Is Luxury the Ticket?
It's a torpid summer night in Florida, the kind made for watching DVD movies, lying motionless in refrigerated living rooms. Yet here is Eddie Ventrice, 43, tie off, shirt untucked, sprawled in the VIP section of the Muvico Palace theater for a 7:05 showing of War of the Worlds. Sure, he's got a 60-in. set at home as well as a 40-in. flat screen, not to mention a wife and kids. Sure, his ticket cost $18. But here he gets to hang with two buddies and watch killer aliens on the big screen. There's a lobby bar with a martini menu and a restaurant serving mahimahi. Says Ventrice, with eyes glued to a pre-movie American Express commercial starring Robert de Niro: "It's definitely worth it."

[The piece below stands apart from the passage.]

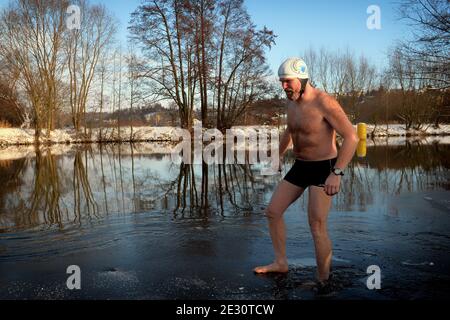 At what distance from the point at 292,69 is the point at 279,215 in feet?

It has been a torpid year for Hollywood and, by extension, for most movie theaters. Attendance is down 10% from last year. Theater owners and industry execs blame the drop not on this year's bombs but on last year's hits, namely Mel Gibson's The Passion of the Christ and Michael Moore's Fahrenheit 9/11, which together made up the $500 million box-office difference. But so-so selections only remind moviegoers of the other reasons they're avoiding movie theaters these days: double-digit prices, irritating commercials and that imbecile down front with the Mariah Carey ringtone. As a result, the biggest chains are reeling. Market leader Regal Entertainment Group's stock is off 10% this year, and poor results have pushed rivals AMC Entertainment and Loews Cineplex Entertainment into a merger.

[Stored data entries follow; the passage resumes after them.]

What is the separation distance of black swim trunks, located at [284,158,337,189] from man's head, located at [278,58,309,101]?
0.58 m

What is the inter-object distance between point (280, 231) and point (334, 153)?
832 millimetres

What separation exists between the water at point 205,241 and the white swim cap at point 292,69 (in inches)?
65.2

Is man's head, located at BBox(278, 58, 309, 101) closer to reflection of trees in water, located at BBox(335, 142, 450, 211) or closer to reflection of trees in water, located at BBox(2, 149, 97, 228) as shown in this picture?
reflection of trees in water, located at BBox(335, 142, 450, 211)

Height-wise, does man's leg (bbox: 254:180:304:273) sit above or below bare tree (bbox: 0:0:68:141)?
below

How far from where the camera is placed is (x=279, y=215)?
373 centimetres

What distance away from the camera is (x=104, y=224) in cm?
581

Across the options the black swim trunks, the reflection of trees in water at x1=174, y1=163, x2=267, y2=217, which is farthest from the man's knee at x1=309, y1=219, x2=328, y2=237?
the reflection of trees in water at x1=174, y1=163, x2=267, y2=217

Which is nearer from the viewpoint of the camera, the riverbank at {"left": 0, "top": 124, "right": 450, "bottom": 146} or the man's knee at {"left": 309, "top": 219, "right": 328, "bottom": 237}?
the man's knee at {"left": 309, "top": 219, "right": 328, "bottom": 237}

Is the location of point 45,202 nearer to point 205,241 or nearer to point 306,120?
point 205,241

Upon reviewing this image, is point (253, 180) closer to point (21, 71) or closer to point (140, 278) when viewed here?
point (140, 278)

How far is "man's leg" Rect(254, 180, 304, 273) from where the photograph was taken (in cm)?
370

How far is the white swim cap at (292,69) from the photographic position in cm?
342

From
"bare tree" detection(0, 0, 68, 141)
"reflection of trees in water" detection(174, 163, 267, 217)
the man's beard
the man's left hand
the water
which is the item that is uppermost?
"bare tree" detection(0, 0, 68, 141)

The demanding tastes of moviegoers have inspired a few upstart cinema chains, however, to try a different script. By building extravagant theaters, adding family events and offering plush amenities, those exhibitors are enticing viewers back--even at higher prices. In a down market, the boutique theater chain Muvico, a Fort Lauderdale, Fla., company with 12 theaters in three states, has managed to boost attendance 2% this year. National Amusements, run by Viacom heir apparent Shari Redstone, is expanding its upscale Cinema de Lux brand of theaters, which sells 35% more tickets per theater than its sibling brands. At Pacific Theatre Co.'s swinging ArcLight Cinemas in Los Angeles, attendance has swelled 25% over the past two years. Says Paul Dergarabedian, president of Exhibitor Relations Co., a box- office--tracking firm in Encino, Calif.: "It's counterintuitive--if attendance is down, why would you invest more in a theater?--but this template is one that is working."
It's working for Hamid Hashemi, CEO of Muvico. The Iranian immigrant began accumulating Florida cinemas in the 1980s. "I thought, What an easy business," he says. "The movies are made by someone else. You sell popcorn. Easy!" But when a major chain opened a rival screen down the street and put his first theater out of business, Hashemi realized he had to offer what the big guys didn't. "At the end of the day, you all get the same 35-mm tape," he says. "What sets you apart is how you package it."